Mon cousin Antoine aurait bien voulu venir avec moi, et c'est ce qui aurait pu m'arriver de plus heureux, car, quoiqu'il soit plus jeune que moi de trois bonnes années, il connaît bien la ville et les roueries du monde qui vit par là. Mais il ne pouvait pas marcher, à cause d'un mal qui lui est venu au genou, où le médecin dit qu'il y a de l'eau qui fait mauvais effet; bref, ça l'empêche de marcher.
Il fait plus chaud dans les rues de Paris que chez nous: aussi, après avoir tourné d'une rue dans l'autre, j'ai fini par descendre du côté de la Seine, qui est une belle rivière, il n'y a pas à dire le contraire. Mais comme c'est pavé partout le long du bord, et que la rivière est encaissée dans des murs, j'ai trouvé qu'il faisait encore trop chaud, et j'ai marché longtemps en me disant que les murs et les pavés devaient bien finir quelque part. J'avais envie de voir un peu de campagne, d'abord pour le bien que j'espérais que cela me ferait, et puis parce que ce serait un souvenir de notre rivière à nous; car j'avais déjà, comme on dit, le mal du pays, et je cherchais ce qui pourrait me rappeler tous ceux que j'avais laissé derrière moi.
J'ai marché pendant plus d'une heure avant de trouver la vraie rivière, et quand je l'ai trouvé enfin, je me suis assis sur l'herbe, les jambes bien fatiguées et le cœur bien gros.
Comme j'étais là à regarder couler l'eau, quelqu'un m'a dit bonjour! Je me suis retourné, et j'ai vu que c'était un garçon de mon âge à peu près.
J'aurais mieux aimé rester seul et tranquille; mais il ne faut pas être malhonnête avec les gens polis.
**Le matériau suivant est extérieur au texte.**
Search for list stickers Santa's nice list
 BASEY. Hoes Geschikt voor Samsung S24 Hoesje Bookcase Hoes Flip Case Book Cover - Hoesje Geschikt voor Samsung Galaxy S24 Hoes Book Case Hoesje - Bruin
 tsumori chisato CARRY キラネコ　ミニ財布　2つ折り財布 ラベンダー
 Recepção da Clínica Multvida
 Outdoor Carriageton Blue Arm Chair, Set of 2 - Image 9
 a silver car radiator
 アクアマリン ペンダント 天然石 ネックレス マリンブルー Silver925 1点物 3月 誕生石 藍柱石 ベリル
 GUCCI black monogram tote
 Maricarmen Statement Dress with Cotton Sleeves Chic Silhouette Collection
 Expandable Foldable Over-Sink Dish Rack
Je lui rendis donc son bonjour et il vint s'asseoir à côté de moi.
Pourquoi ne me suis-je pas défié de lui? Il m'a demandé d'où j'étais; il a eu l'air de connaître un peu notre pays, et il ma dit bien des choses qui m'ont fait venir les larmes aux yeux.
Quand j'y repense, maintenant que le malheur est arrivé, je suis presque sûr qu'il ne connaissait pas le pays du tout, et que si j'ai écouté ses contes et ses enjôleries, c'est que mon cœur était tout de ce côté-là et ne demandait qu'à s'ouvrir.
Au bout de quelque temps, il me dit que la chaleur et la poussière l'avaient si fort assoiffé qu'il en avait les lèvres sèches et la langue gonflée. Il  allait donc entrer sous une tonnelle qui étais proche de là pour prendre un verre de vin, un seul. Il me proposa, vu que nous étions devenus quasi amis, de trinquer avec lui. Je lui répondis que je vous avais promis de ne jamais mettre les pieds dans un cabaret ou dans une guinguette.
Il me dit que j'avais bien raison d'obéir à mon père; que d'ailleurs les cabarets et les guinguettes sont des endroits de perdition pour la jeunesse; que lui-même n'y mettait jamais les pieds, parce qu'on y laisse son argent, sa raison et sa santé. Mais, à ce qu'il disait, ce n'est pas la même chose d'entrer pour se rafraîchir, et de s'attabler pour boire bouteille sur bouteille. Il se serait contenté volontiers de l'eau de la rivière, si elle n'avait été malpropre au sortir d'une si grande ville, et par conséquent malsaine. Il me fit voir sur l'eau des taches de goudron qui descendaient au fil du courant et bien d'autres choses répugnantes.
J'étais moi-même très-altéré; je me disais qu'un verre de vin, que je boirais debout, ne pouvait point me mener à mal, et je finis par céder.
Sous la tonnelle, il y avait cinq beaux soldats du roi qui causaient en fumant. Mon camarade leur fit un petit signe de tête, comme s'il les connaissait; ils lui répondirent par des signes de tête et se mirent à nous regarder, moi surtout, en souriant.




Le cabaretier arriva, et, sans attendre qu'on lui eût donné des ordres, il apporta deux verres et une bouteille. je ne pus m'empêcher de dire à mon compagnon:
- Il y a là plus que nous voulons.
Il me répondit:
- On ne paye que ce que l'on boit!
J'étais mal à mon aise, comme si j'avais prévu ce qui allait m'arriver, et si une fausse honte ne m'avait pas retenu je me serais sauvé de la tonnelle. mon camarade versa deux grands verres, et nous restâmes debout pour les boire selon nos conventions.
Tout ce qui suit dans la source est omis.